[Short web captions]
• • • • • • •

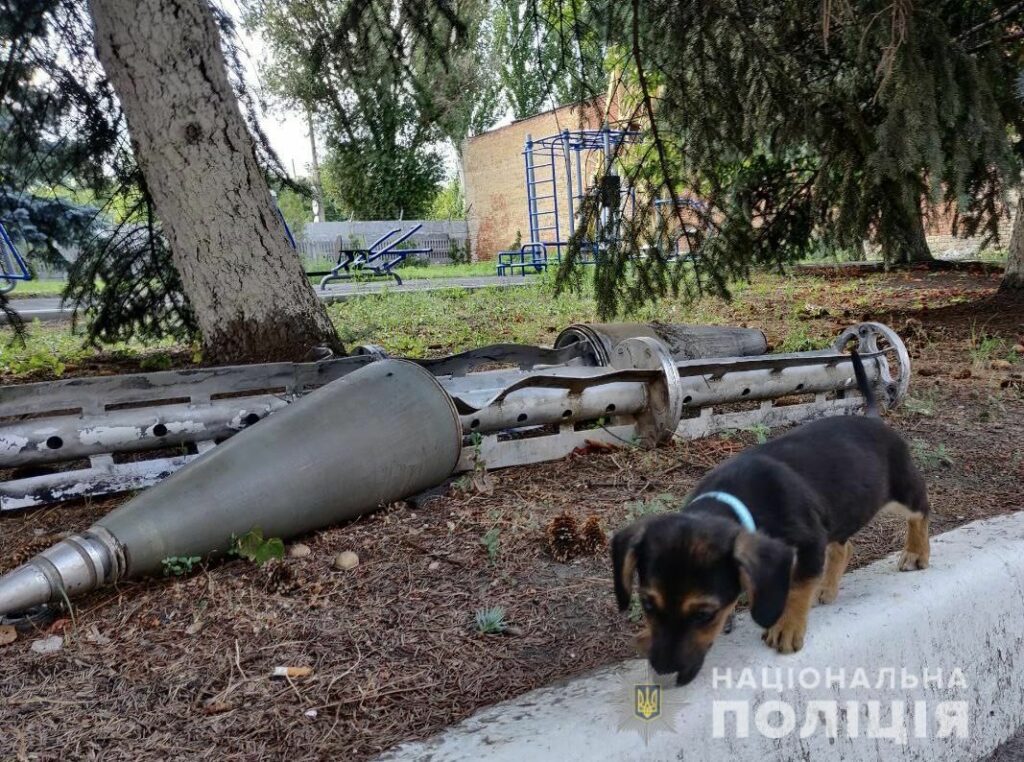 врятований пес на Донеччині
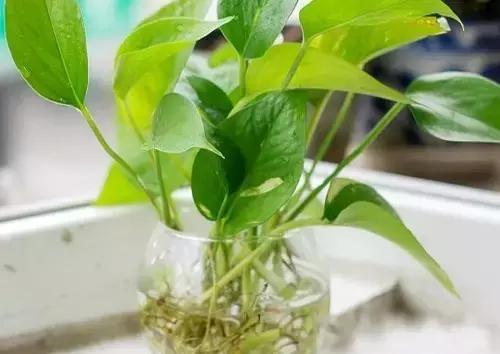 水培绿萝叶子发黄快速补救方法,水培绿萝怎么养才能更旺盛更绿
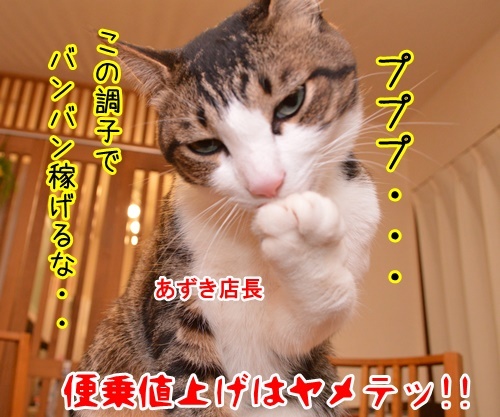 消費増税　猫の写真で４コマ漫画　４コマ目ッ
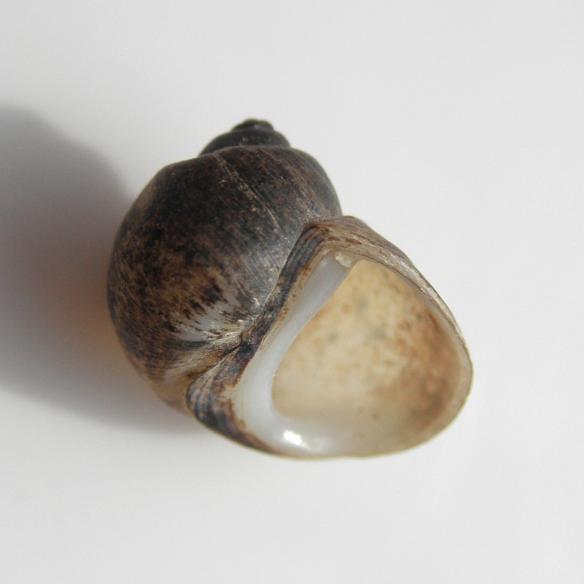 shell of Lithoglyphus naticoides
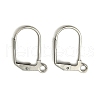 Tarnish Resistant 304 Stainless Steel Leverback Earring Findings STAS-D448-040P-1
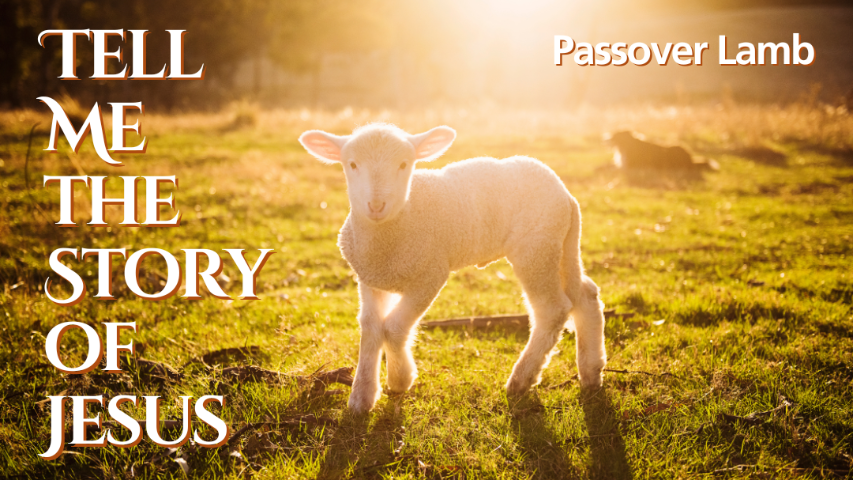 Passover Lamb episode artwork
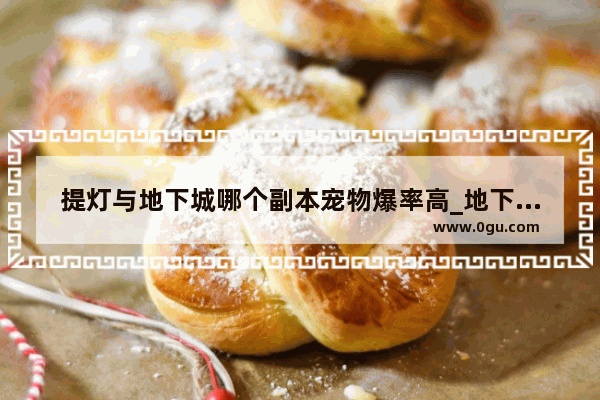 提灯与地下城哪个副本宠物爆率高_地下城手游深渊哪个图爆率高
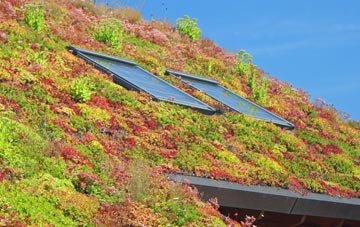 Bells Corner living roof systems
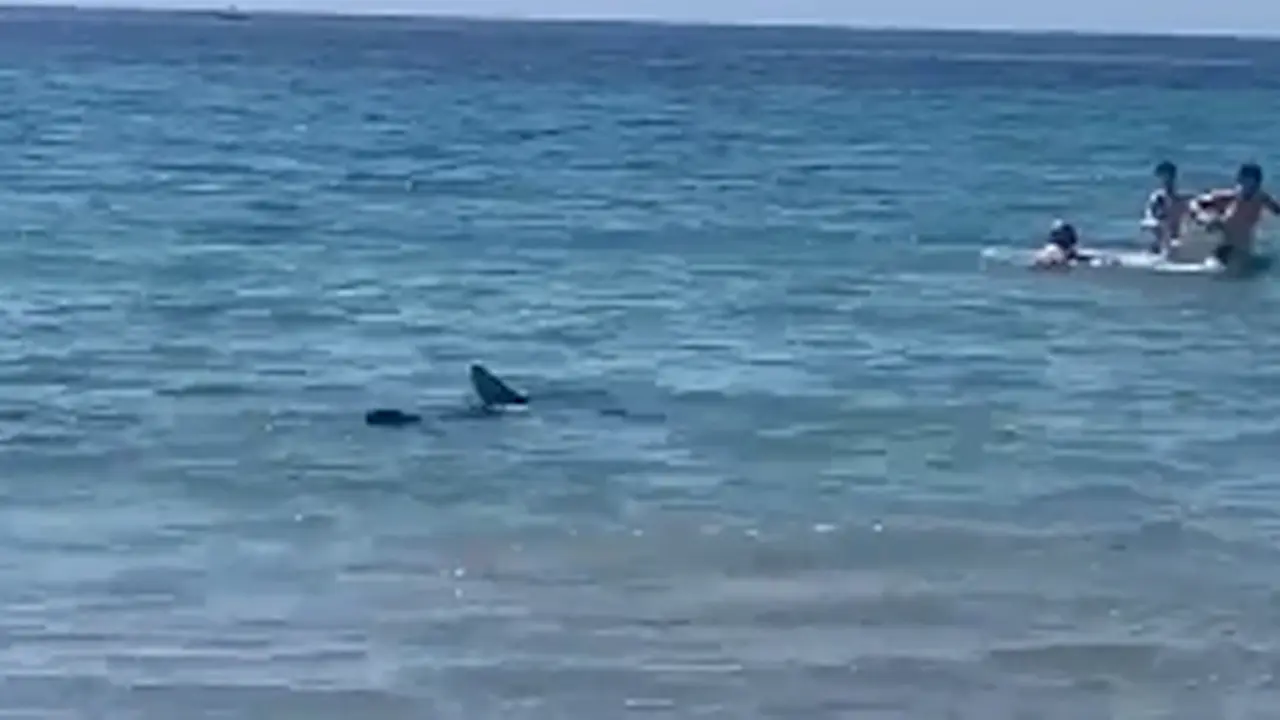 Los ba&ntilde;istas se llevaron un tremendo susto al ver al tibur&oacute;n. / AC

• • • • • • •

### EXERCISE
Every record must be copied exactly, with images dropped from the result.

### TASK RESPONSE
 врятований пес на Донеччині
 水培绿萝叶子发黄快速补救方法,水培绿萝怎么养才能更旺盛更绿
 消費増税　猫の写真で４コマ漫画　４コマ目ッ
 shell of Lithoglyphus naticoides
 Tarnish Resistant 304 Stainless Steel Leverback Earring Findings STAS-D448-040P-1
 Passover Lamb episode artwork
 提灯与地下城哪个副本宠物爆率高_地下城手游深渊哪个图爆率高
 Bells Corner living roof systems
 Los ba&ntilde;istas se llevaron un tremendo susto al ver al tibur&oacute;n. / AC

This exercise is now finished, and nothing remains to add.